Ipzz-137 - ((install))

– Beyond oncology, MYC plays a role in certain viral infections (e.g., Epstein‑Barr virus latency) and metabolic diseases (e.g., hepatic steatosis). Proof‑of‑concept studies are evaluating IPZZ‑137 in EBV‑positive post‑transplant lymphoproliferative disorder (PTLD) models.

| | Underlying Issue | Proposed Mitigation | |---------------|----------------------|--------------------------| | Off‑Target Toxicity | Although selectivity screens are favorable, unanticipated binding to other bHLH proteins could affect normal tissue homeostasis. | Conduct comprehensive chemoproteomics (CETSA, DARTS) and in‑vivo safety pharmacology across cardiac, CNS, and hepatic panels. | | Resistance Development | Tumor cells may acquire mutations in the MAX interface or up‑regulate MYC paralogs (e.g., MYCL). | Combine IPZZ‑137 with agents targeting parallel pathways (BET inhibitors, CDK9 inhibitors) and monitor resistance mutations via liquid biopsy. | | Pharmacokinetic Variability | Inter‑patient differences in CYP3A4 activity could alter exposure. | Use therapeutic drug monitoring (TDM) and dose‑adjust based on plasma concentrations; consider a prodrug formulation to bypass first‑pass metabolism. | | Delivery to CNS | MYC‑driven medulloblastoma and glioma are attractive targets but require blood–brain barrier (BBB) penetration. | Optimize a CNS‑penetrant analog (IPZZ‑137‑B) with higher lipophilicity and assess via microdialysis. | | Regulatory Hurdles | Novel PPI inhibitors have limited precedent for approval pathways. | Engage early with FDA’s Oncology Center of Excellence (OCE) for a “breakthrough therapy” designation and leverage the accelerated approval framework using surrogate biomarker endpoints. | ipzz-137

When users encounter issues, providing the exact model or version (like "ipzz-137") can significantly streamline the support process. Support teams can quickly access information specific to that model or version, offering more accurate and timely assistance. – Beyond oncology, MYC plays a role in

In murine sub‑cutaneous xenografts of Daudi lymphoma, oral IPZZ‑137 (30 mg/kg once daily) achieved tumor growth inhibition (TGI) of 92 % after 21 days, with complete regression in 3 of 8 mice. Pharmacodynamic (PD) biomarkers—decreased Ki‑67 staining and reduced MYC‑MAX co‑immunoprecipitation—correlated with drug exposure. No significant weight loss or hematologic toxicity was observed. thereby preventing dimer formation.

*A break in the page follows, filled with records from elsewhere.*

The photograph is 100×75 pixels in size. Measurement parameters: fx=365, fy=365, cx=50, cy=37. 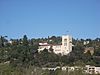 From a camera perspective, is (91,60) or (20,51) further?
(20,51)

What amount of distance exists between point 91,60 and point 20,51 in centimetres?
1210

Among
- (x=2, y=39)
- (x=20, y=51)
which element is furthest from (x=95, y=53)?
(x=2, y=39)

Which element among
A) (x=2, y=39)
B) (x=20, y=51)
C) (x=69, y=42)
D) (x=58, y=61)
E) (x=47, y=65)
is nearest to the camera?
(x=47, y=65)

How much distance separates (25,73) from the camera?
33312mm

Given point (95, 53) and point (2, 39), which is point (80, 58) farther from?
point (2, 39)

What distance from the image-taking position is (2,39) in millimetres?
74312

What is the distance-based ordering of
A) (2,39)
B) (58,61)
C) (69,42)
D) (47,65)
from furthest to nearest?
(2,39) < (69,42) < (58,61) < (47,65)

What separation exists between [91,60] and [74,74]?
1858cm

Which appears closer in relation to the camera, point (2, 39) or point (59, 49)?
point (59, 49)

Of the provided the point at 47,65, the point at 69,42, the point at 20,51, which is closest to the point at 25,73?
the point at 47,65

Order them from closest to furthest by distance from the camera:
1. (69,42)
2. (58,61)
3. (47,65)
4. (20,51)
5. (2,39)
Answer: (47,65), (58,61), (20,51), (69,42), (2,39)

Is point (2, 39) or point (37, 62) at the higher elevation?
point (2, 39)

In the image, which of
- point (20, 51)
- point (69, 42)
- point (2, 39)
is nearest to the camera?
point (20, 51)

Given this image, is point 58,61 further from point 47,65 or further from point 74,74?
point 74,74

Biophysical studies (isothermal titration calorimetry, surface plasmon resonance) revealed that IPZZ‑137 binds directly to the basic helix‑loop‑helix leucine zipper (bHLH‑LZ) domain of MAX with a K_D of 45 nM. By occupying a shallow “hot‑spot” pocket centered on residues Asp‑100 and Trp‑108, the molecule sterically hinders MYC’s ability to engage MAX, thereby preventing dimer formation.